Doug Henwood dhenwood at panix.com
Mon Sep 27 06:20:32 PDT 1999


[When Wysocki says "What's missing here is an acknowledgment that the equities boom of the 1990s has made tens of millions of Americans wealthier" he seems to forget it's made the 5% of stockholders who own 95% of individually held stock wealthier.]

Wall Street Journal - September 27, 1999

The Outlook

NEW YORK - The U.S. and Japan have long been like an old married couple. The U.S. likes to spend. Japan likes to save. And for nearly 20 years, this strangely symbiotic relationship has endured, but not without strain.

These days, there are fresh questions about whether the world's biggest saver will continue to provide relatively cheap, abundant capital to the world's biggest spender.

It's no secret that the U.S. economic expansion of the 1990s has been fueled with wads of borrowed money. Corporations are issuing huge amounts of debt, often to buy back company shares. American consumer debt is enormous. And the spending boom here has generated record trade deficits exceeding $25 billion a month. Squaring the current-account shortfall has forced the U.S. to borrow nearly $1 billion a day. Most of it comes from foreign investors.

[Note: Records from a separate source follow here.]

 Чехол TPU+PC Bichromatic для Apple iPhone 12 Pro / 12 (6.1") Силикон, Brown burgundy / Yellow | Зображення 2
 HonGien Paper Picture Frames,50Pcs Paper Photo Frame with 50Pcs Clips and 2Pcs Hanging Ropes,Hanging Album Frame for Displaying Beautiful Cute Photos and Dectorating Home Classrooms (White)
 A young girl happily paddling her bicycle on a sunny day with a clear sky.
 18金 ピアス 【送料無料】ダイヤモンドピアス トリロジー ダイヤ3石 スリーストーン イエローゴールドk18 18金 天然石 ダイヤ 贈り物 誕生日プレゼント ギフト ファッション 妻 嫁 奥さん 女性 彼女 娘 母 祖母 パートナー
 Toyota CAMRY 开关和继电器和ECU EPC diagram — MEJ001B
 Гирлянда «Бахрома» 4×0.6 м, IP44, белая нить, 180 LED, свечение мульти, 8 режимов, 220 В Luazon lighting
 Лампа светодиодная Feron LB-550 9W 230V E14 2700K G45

For many years, only the gloomy fringe of economists and investment bears worried loudly about this, to small avail. But now, such worries are getting a larger audience. There is concern over whether the Japanese and other foreign investors will keep funding America's boom.

To Lawrence Lindsey, former Federal Reserve governor and currently chief economic adviser to Republican presidential hopeful George W. Bush, the huge funding gap is enough to call into question the future of America's "Goldilocks economy." Speaking at an investment conference in New York last Tuesday, Mr. Lindsey noted that "we're already taking in $300 billion a year from the rest of the world to finance our spending boom." Next year, the sum could be even larger. Then he told his audience if they can imagine easily raising well over $300 billion from world investors next year, "then you can imagine Goldilocks continuing through the year 2000." Mr. Lindsey made it clear that he is concerned about growing tightness in credit markets.

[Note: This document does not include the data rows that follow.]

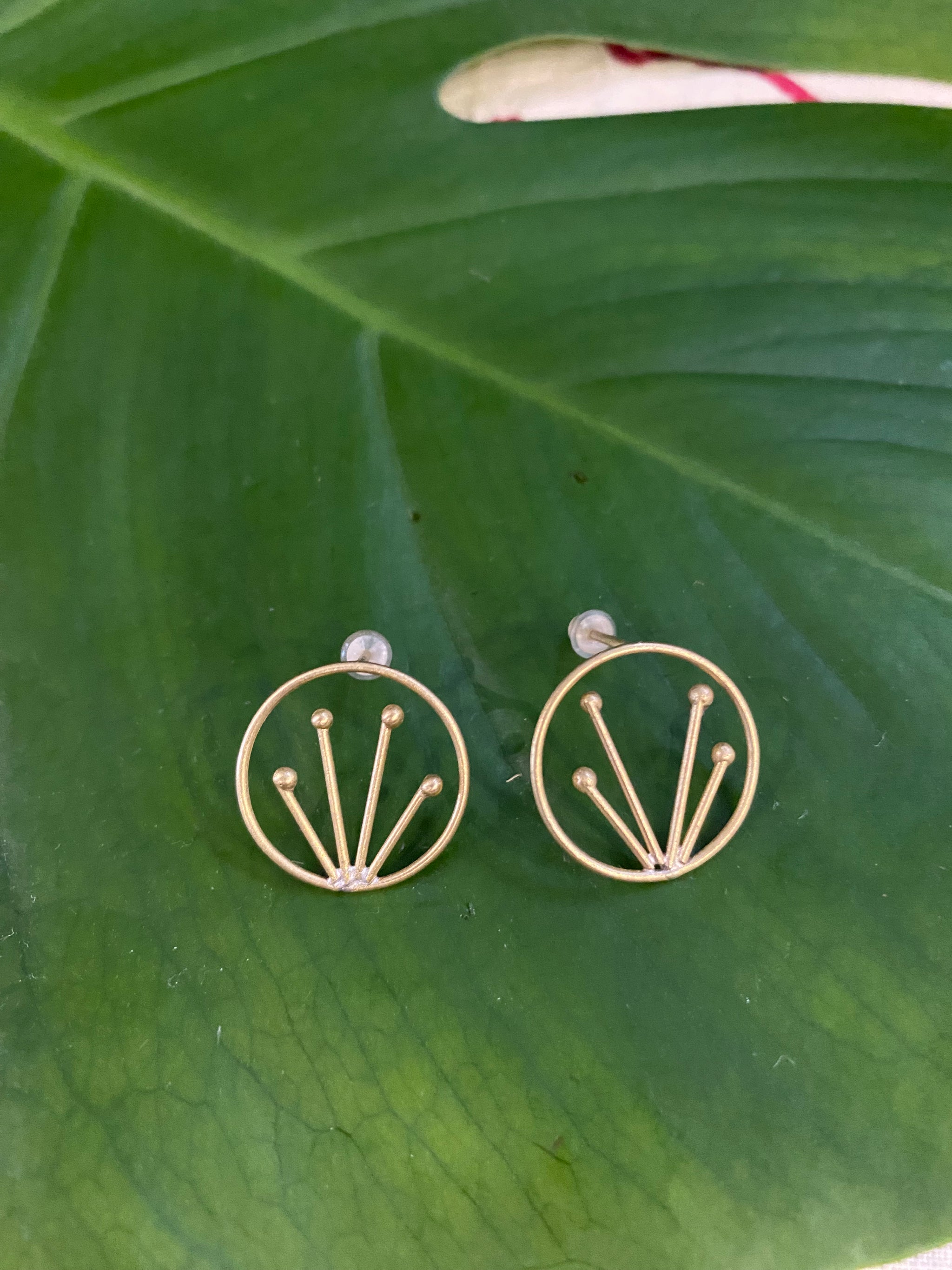Firework Burst Stud Earrings – Brass Circles – Fair Trade (Sasha India)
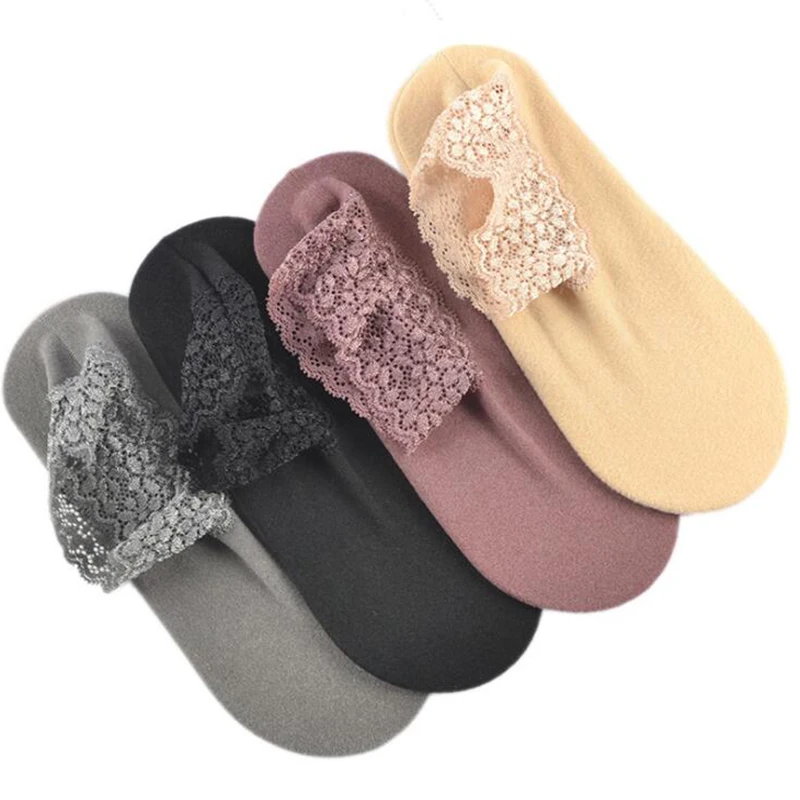 Модные бархатные носки, Нескользящие кружевные короткие носки для женщин, корейские теплые мягкие носки, женские носки, уличная одежда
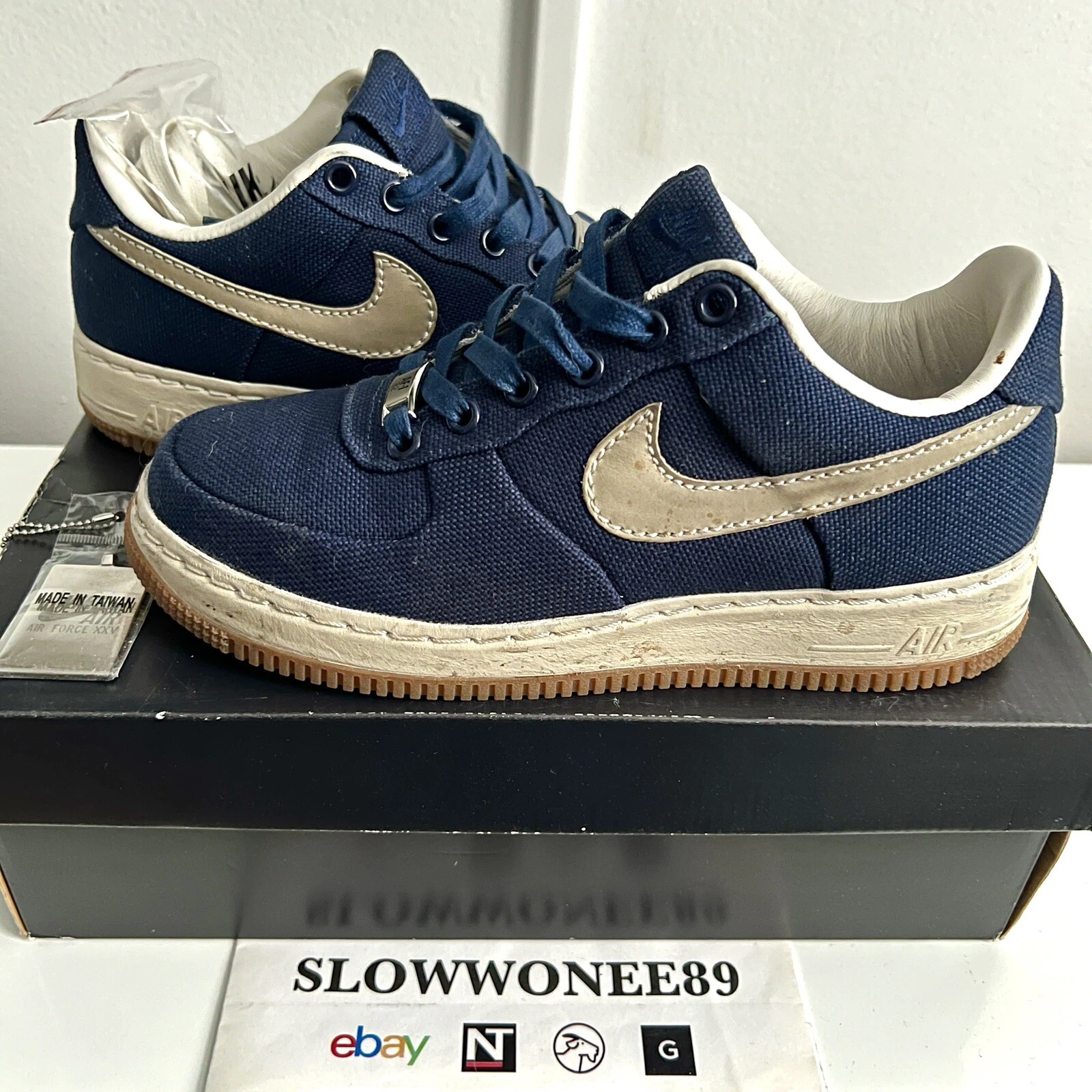 2007 Nike Air Force 1 Supreme Toile Minuit Marine Voile Blanche Taille 6 316133 411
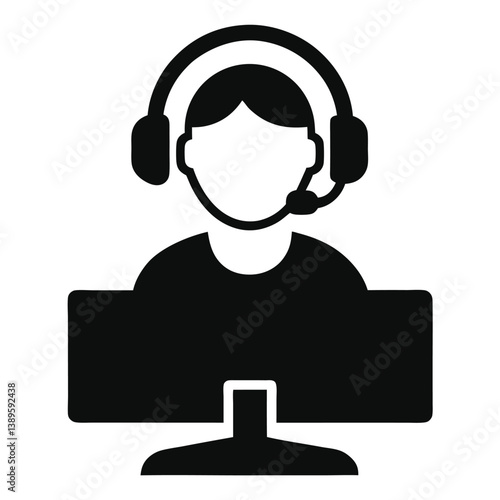 Customer Support Representative Icon  Professional Help and Assistance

The conference where he spoke was organized by the bearish firm of David W. Tice & Associates of Dallas and titled "The Credit Bubble and Its Aftermath." Yet there is no question that he and the other gloomsters see fresh signs of trouble.

The first beeping barometer of concern is the yen/dollar rate. Though Group of Seven officials gave it a verbal nudge downward over the weekend, the yen rose last week to a 44-month high against the dollar. To most observers, this largely reflects a strengthening Japanese economy, and a rush to invest there. But a falling dollar could, at least hypothetically, reduce the appetite for U.S. assets by Japanese.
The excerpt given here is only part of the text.